Wednesday, October 7, 2009

Why Schwab sucks for Penny Stocks

So there were a couple of good plays today and I got in on none of them, why you ask? Well because they are what is called a hard to borrow stock (HTB). These stocks exist across all markets and are defined by Investopedia as: A list used by brokerages to indicate securities considered difficult or unavailable to borrow for short selling transactions.

Investopedia Says
Investopedia explains Hard-To-Borrow List
The hard-to-borrow list expedites short selling transactions. According to the SEC and NASD, securities not found on this list are assumed to be in sufficient quantity and available for short sales. Those stocks on the list are still available for short selling - however, brokerages and investors must take extra measures to search the stocks out and ensure their delivery before they are sold short.

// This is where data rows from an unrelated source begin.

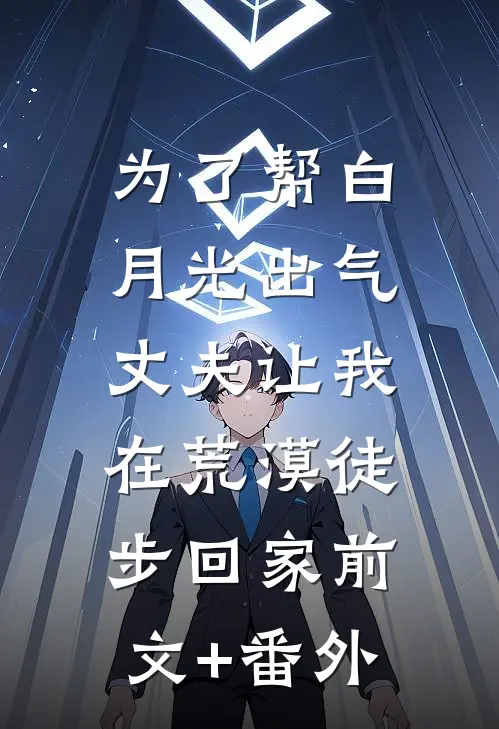 为了帮白月光出气，丈夫让我在荒漠徒步回家前文+番外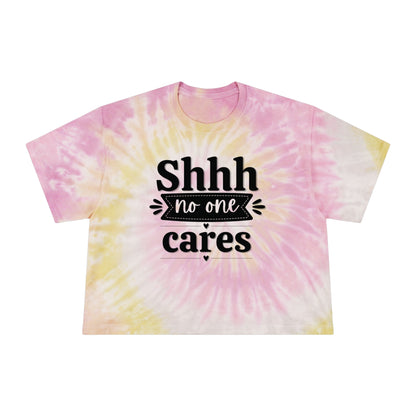 Shhh No One Cares - Women's Tie-Dye Crop Tee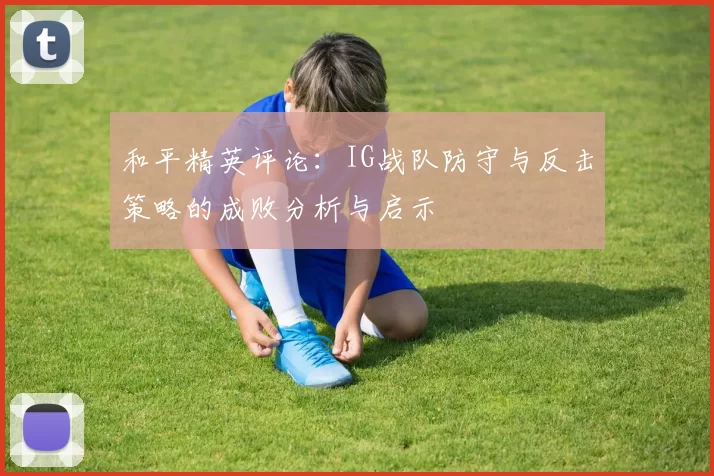和平精英评论：IG战队防守与反击策略的成败分析与启示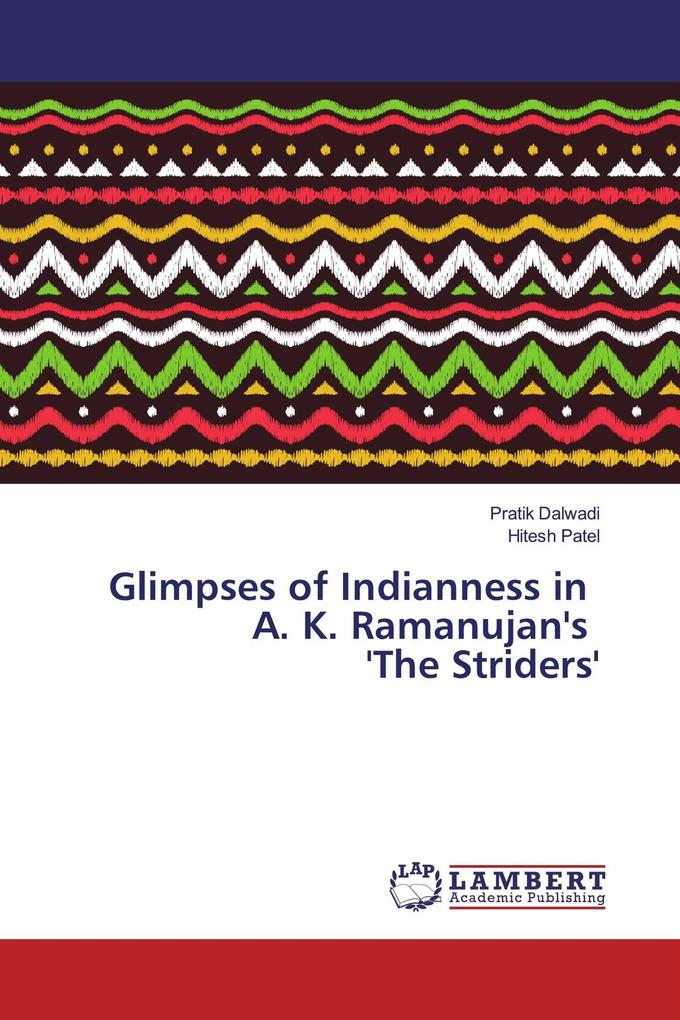 Glimpses of Indianness in A. K. Ramanujan's 'The Striders'
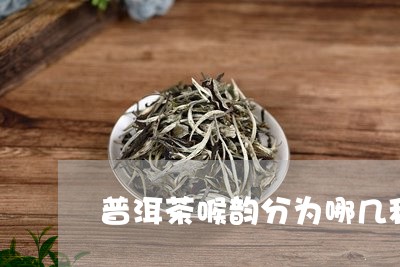 普洱茶喉韵分为哪几种/2023072287361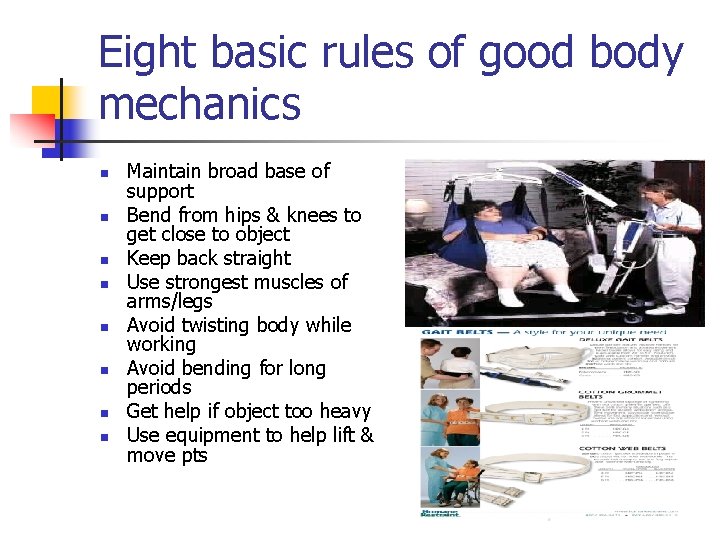 Eight basic rules of good body mechanics n n n n Maintain broad base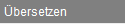 �bersetzen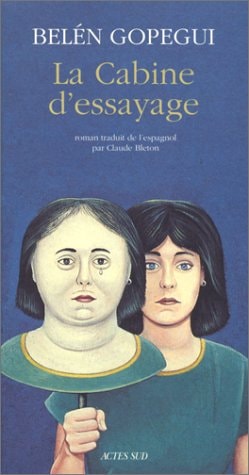 LA CABINE D'ESSAYAGE, de Belén Gopegui | portada del libro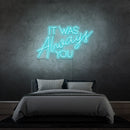 'IT WAS ALWAYS YOU' - LED neon sign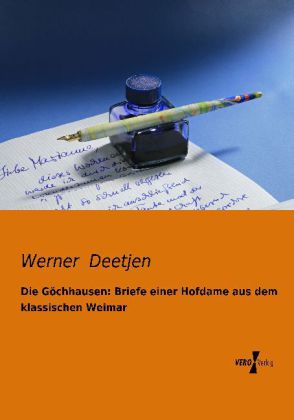 Die Göchhausen: Briefe einer Hofdame aus dem klassischen Weimar 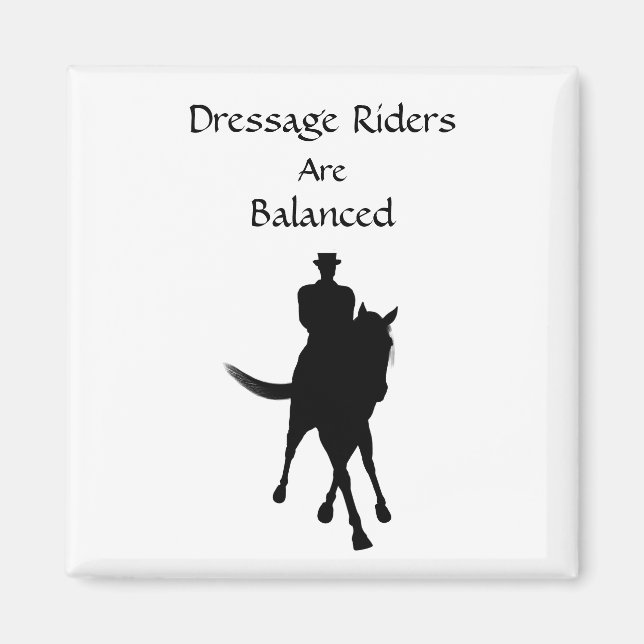 Dressage Riders Are Balanced Horse Light Magnet (Front)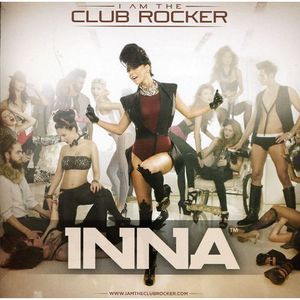 I Am the Club Rocker - Inna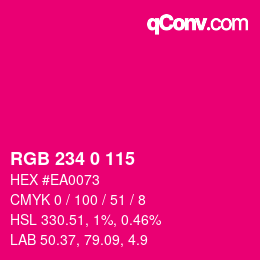 Color code: RGB 234 0 115 | qconv.com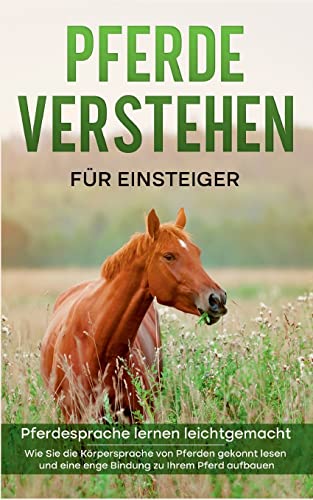Pferde verstehen für Einsteiger - Pferdesprache lernen leichtgemacht : Wie Sie die Körpersprache von Pferden gekonnt lesen und eine enge Bindung zu Ihrem Pferd aufbauen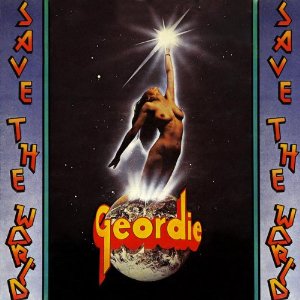 GEORDIE / ジョーディー / SAVE THE WORLD (180G LP + CD)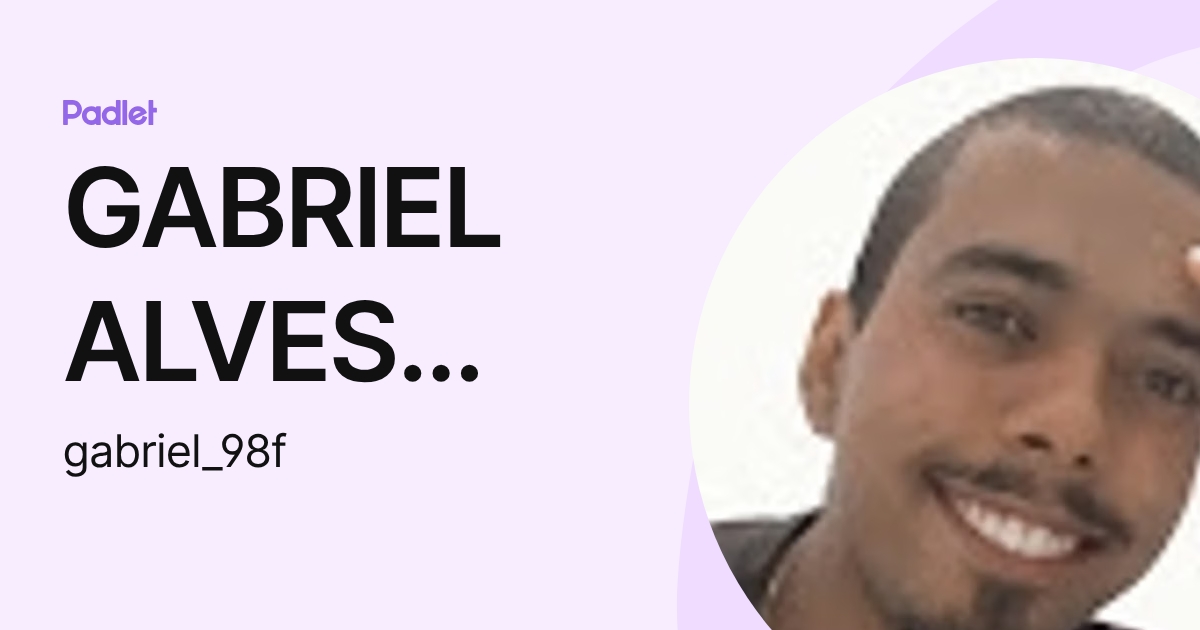 GABRIEL ALVES FRANCA (gabriel_98f) profile | Padlet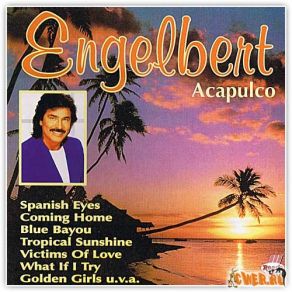 Download track Acapulco Engelbert Humperdinck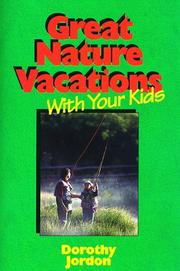 Great Nature Vacations With Your Kids (Kids Series) by Dorothy Jordon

Ok so hard to borrow stocks are out there and all brokers basically work from essentially the same list (though I have found that some brokers actually have stock and others don't), but Schwab sucks because they want you to spend a minimum of $100,000 to short sell a HTB stock. This puts a severe crimp in shorting penny stocks as most are HTB stocks and I as well as most individual investors don't have a $100k for a single transaction.

I funded my thinkorswim account and hopefully they are better about shorting HTB stocks (I have heard they are at least about minimums, even though they may not have them available). Plus they charge a flat 9.99 fee instead of Schwabs 12.95.